Back on the ground we were now headed for the Leon market.
So far on this trip we have not visited what I would call a ‘real’ local market. By that I mean one that is there strictly to cater to locals and not tourists. Given that there are virtually no tourists in Nicaragua you would not think that finding a market would be problematic. Yet, the one we did visit in Masaya didn’t seem that authentic or at least what was for sale didn’t. That changed totally today with a visit to Leon market which is one of the most colourful and photographic I’ve seen in many a day.
Let’s start with the produce. Nicaragua grows a tremendous variety of fruits, many of which we never seen in North America. Aura purchased a number of samples of sapodilla, soursop and others I can’t remember and passed them around. Some of these were really tasty and I can only surmise that they don’t travel well or we would see them in North American stores. Another reason to travel.
The riot of colour at a fruit and vegetable market makes for endless photo opportunities.
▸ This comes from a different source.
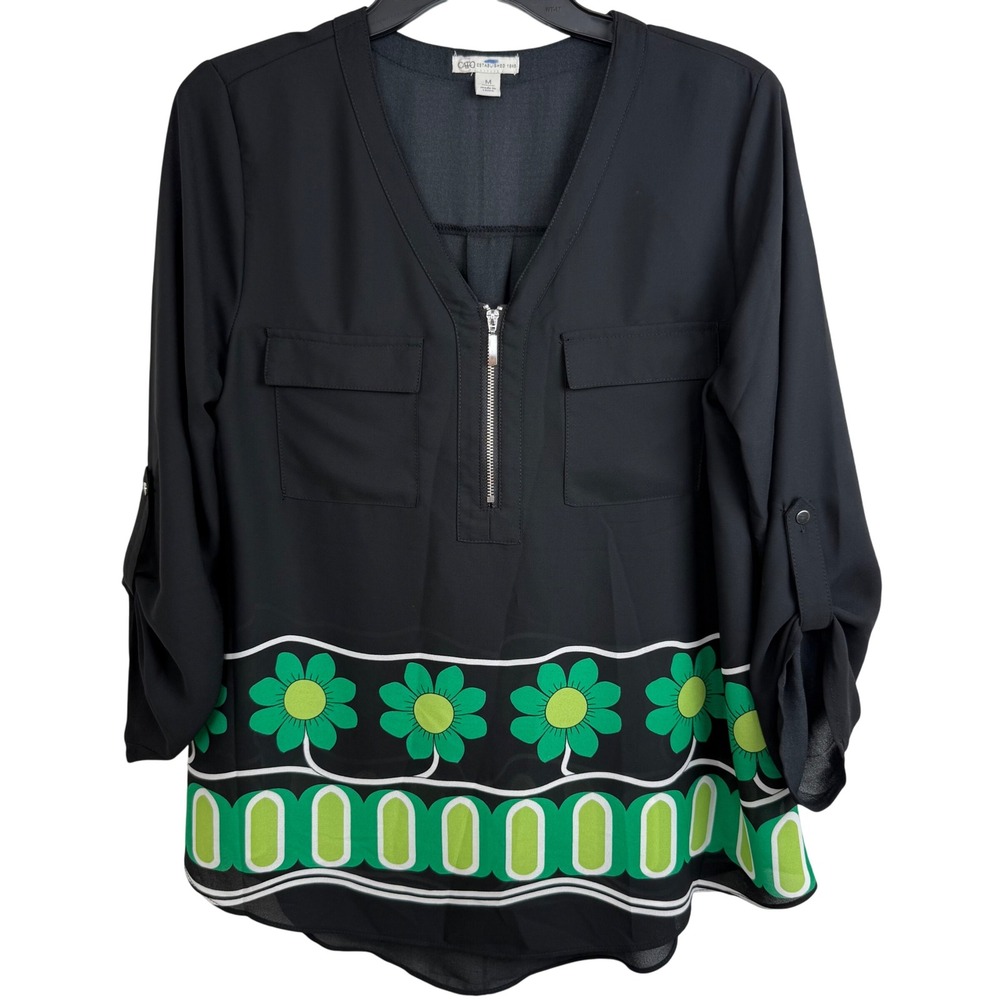 Cato Boho Tunic Top M Black Green Floral Retro 70s Mod Print Zip V-Neck Blouse M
Note those avocados that are the size of eggplants.
Various types of juices and flavoured drinks are sold throughout Nicaragua in these little plastic bags which unfortunately tend to end up being thrown away, although Leon itself was not litter strewn like parts of the countryside.
After the fruits and vegetables comes the meat section, not quite like what you see at your local butcher shop.
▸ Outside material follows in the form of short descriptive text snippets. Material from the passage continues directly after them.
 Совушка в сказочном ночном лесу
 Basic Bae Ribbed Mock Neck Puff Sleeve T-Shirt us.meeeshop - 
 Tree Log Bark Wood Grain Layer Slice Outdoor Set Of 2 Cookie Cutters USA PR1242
And of course there’s fish, mostly tilapia.
You can always get a hot meal in these markets and it will be much cheaper than in any restaurant.
These are real chicharonnes, which are not be confused with pork rinds which are made just from the skin of a pig. Chicharonnes have the skin and the underlying fat which is boiled first and then fried. Some think they are disgusting, but I absolutely love them.
The Leon market is loud, vibrant and in places a bit claustrophobic, but most good markets tend to be. While there are always new fruits and vegetables and hot dishes to try, there are also things for sale that might be upsetting. I personally find the Latin American song bird markets, particularly the one in Guadalajara, saddening as I know most of the birds were caught in the wild. Here in Leon the sight of live iguanas, feet bound, and ready for someone’s stew pot might be off putting to some. I know some people who would buy them just to let them go and I did feel some pity for their plight, but they are not endangered and who am I to judge what a Nicaraguan should and should not eat?
Well actually, I will pass judgment on these next items for sale. Those are sea turtle eggs and given that earlier in this trip the group visited the world’s first sea turtle conservancy in Tortuguero, Cost Rica it really does seem strange that one country is fighting to save them and another is still harvesting their eggs.
Other exotic foods for sale include live land crabs – I doubt that they’ll get anyone emancipating them.
And Nicaraguan lobster. These are definitely doomed and make me wish I had seen some on the menu at any of the restaurants we dined at.
.We exited the market and not paying attention, I almost knocked over this table of salt fish. What would that have cost me?
Outside the market people were piling into one of the small covered trucks that pass for public transport in Leon. Somehow the market didn’t seem so crowded now.
Just down the street there was a gathering of children clad in their school uniforms. There was an ice cream vendor and the mothers collecting their kids had little choice but to give in to their pleas. And why not if you can get a smile like this just for a few cordobas?
And so ends our journey through the country of Nicaragua. Thank you Victor for letting us visit this beautiful, but troubled land. Next stop El Salvador.